I haven’t swam competitively since I was a sperm.

@TheHyyyype

[arrest]

ME: you’ve got the wrong g-

COP: tell it to the judge

[court]

ME: your honor, that cop has the wrong glasses for his face shape

@NOTVIKING

[taking long drag from cigarette] if the blackbox can’t be destroyed then why don’t they just make the whole plane out of the blackbox material

flight attendant: you are absolutely not allowed to smoke in here

@Pork_Chop_Hair

HR: In the kitchen, you wrote “Say hello to my lil dough friends”

Me: They were donut holes

HR: You also wrote “I know it was you, free dough- you broke my heart”

Me: Yes. Am I in trouble?

HR: Of course not. We’d like to promote you from Janitor to VP Marketing

@TheWinegasm

Me: Don’t touch your face until you’ve put hand sanitiser on.

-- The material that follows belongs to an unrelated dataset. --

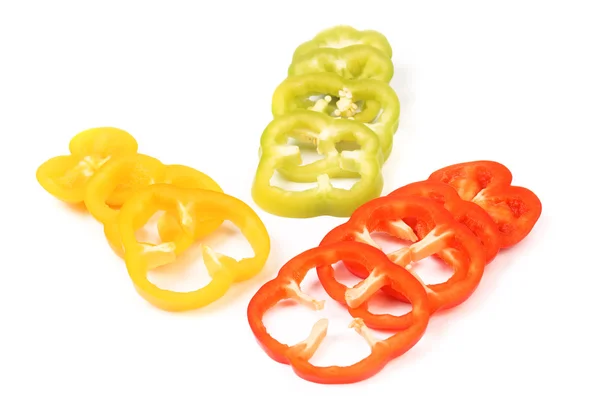 Multi-colour slices of peppers — Stock Photo, Image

* Turns around to see kid licking himself like a cat.

@TheAndrewNadeau

[after having one kid then having twins]
wife: we should have sex

fibonacci: absolutely not

@SirEviscerate

ME: *sits*
BARBER: You’re completely bald.
ME: Just snip the scissors around my ears and gently touch my head for 10 mins, please.

@Thynebear

[Talking w/Doc]
The wife wants to try period sex
“Seems unsanitary to me”
I dont think u understand-
*wife bursts in wearing medieval armor*

@ArfMeasures

WIFE: It’s great having kids, isn’t it?

ME: Oh yeah, it’s the best

W: How long until they go to bed?

ME: 4 hours, 17 minutes & 26 seconds

@broken_rhi

My son just handed me a note while I was talking on the phone that read “gossip=sin” so anyways I just got owned by a 15 year old.